• TRY IT: Find the line with "Model - amelia deepthroat" in the records below. Output exactly from there until after the line with "THREE PAIRS STG", without pictures.

MATERIAL PROVIDED START

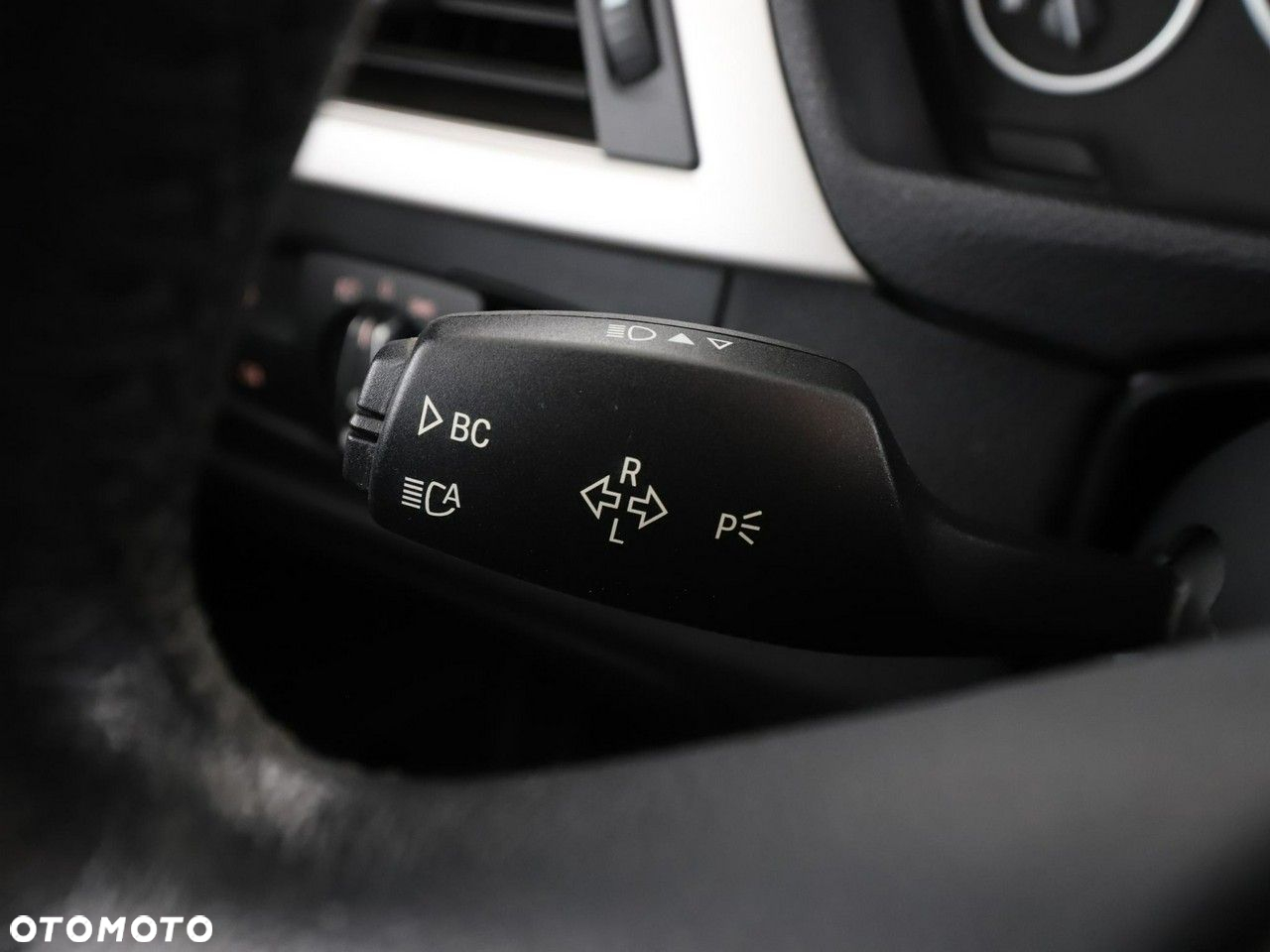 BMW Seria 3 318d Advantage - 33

MATERIAL PROVIDED END
MATERIAL PROVIDED START

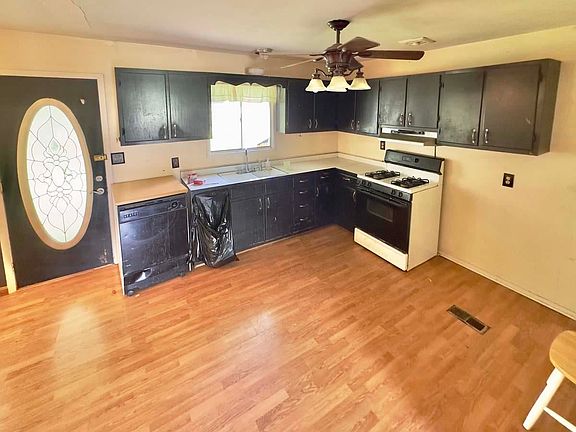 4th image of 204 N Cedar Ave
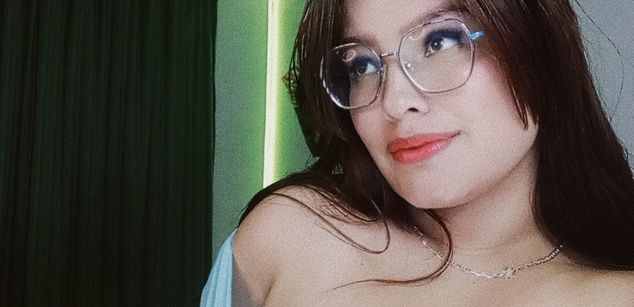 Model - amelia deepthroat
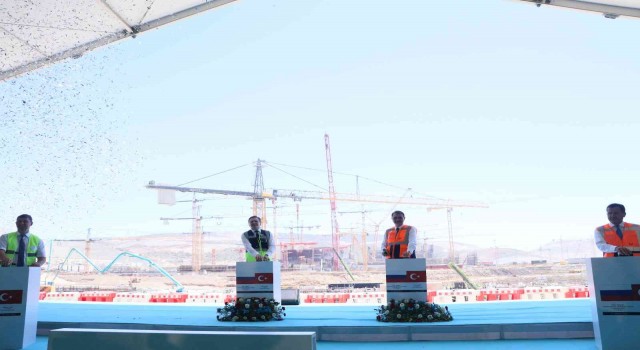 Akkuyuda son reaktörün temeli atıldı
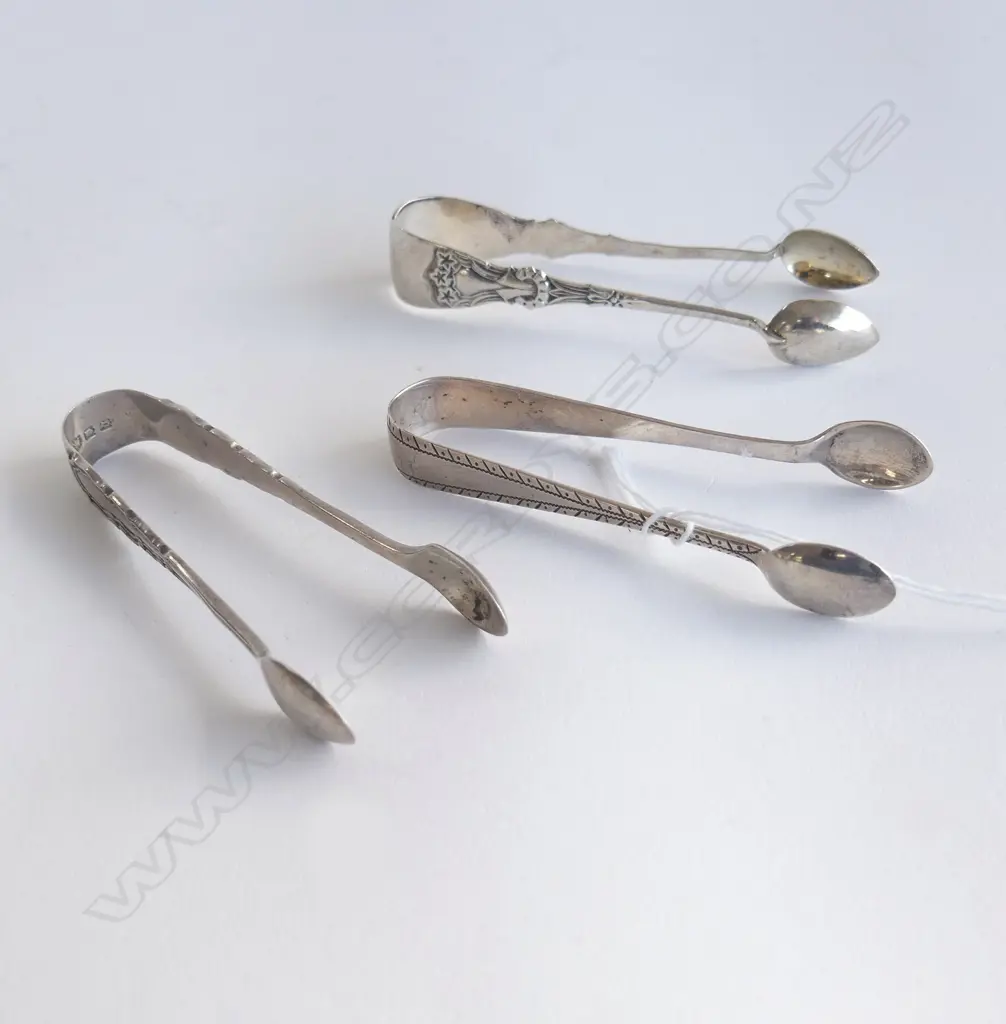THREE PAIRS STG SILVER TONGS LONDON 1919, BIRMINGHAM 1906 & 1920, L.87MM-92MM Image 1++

MATERIAL PROVIDED END

• RESPONSE TO THE EXERCISE:
 Model - amelia deepthroat
 Akkuyuda son reaktörün temeli atıldı
THREE PAIRS STG SILVER TONGS LONDON 1919, BIRMINGHAM 1906 & 1920, L.87MM-92MM Image 1++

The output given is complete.